O consumo das famílias teve contribuição positiva de 0,9 p.p. ao resultado do PIB, devido à expansão de 1,5% no 1T/2024 em relação ao 4T/2023, nos dados com ajuste sazonal.

 

Apesar de o investimento FBCF (formação bruta de capital fixo) também ter tido contribuição positiva (+0,7 p.p.) ao resultado do PIB, com crescimento de 4,1% no 1T/2024 em relação ao 4T/2023, feito o ajuste sazonal, a taxa de investimento permaneceu em patamares relativamente baixos, com uma média de 16,5% nos últimos quatro trimestres.

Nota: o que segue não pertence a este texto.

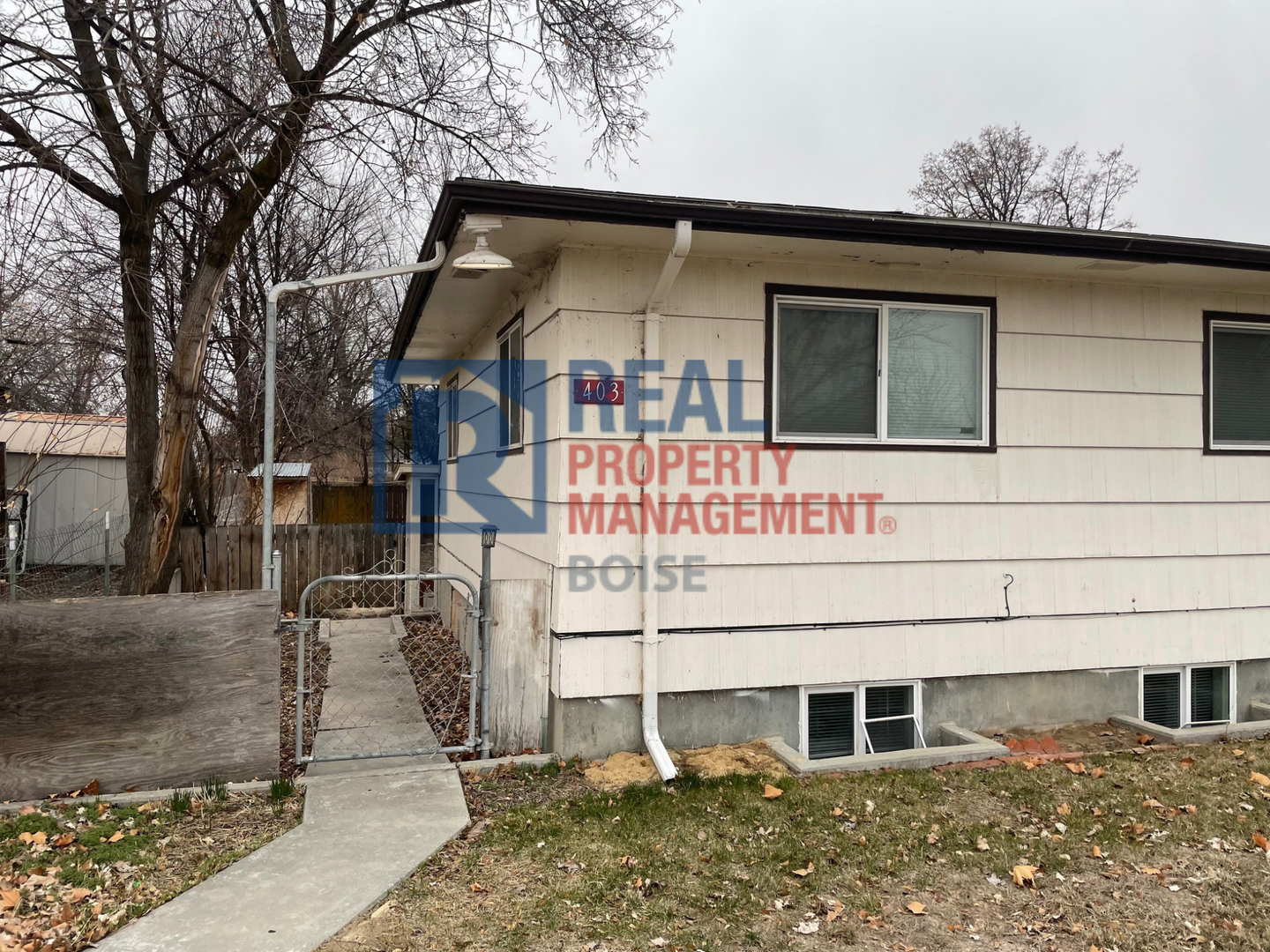 Caldwell House: 403 W Hazel St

Destaque para os setores de bens de capital e construção.

 

De maneira geral, os resultados são positivos: a economia brasileira voltou a crescer depois de dois trimestres estáveis e a composição de seu crescimento melhorou, com forte desempenho dos investimentos, que tiveram a maior alta trimestral desde o primeiro trimestre de 2021. No entanto, para obter crescimento mais próximo do esperado, é necessária a aceleração da economia ao longo do ano, tendo em vista que o carry-over para 2024 está em 1,0% apenas.

 

Não se pode esquecer o desafio do trimestre atual (2T24), decorrente das tragédias ocorridas no Rio Grande do Sul. No entanto, espera-se que com quantia significativa de recursos mobilizados voltados para a reconstrução do estado seja possível uma rápida recuperação na região com reflexos no PIB do 3T/2024 e do 4T/2024.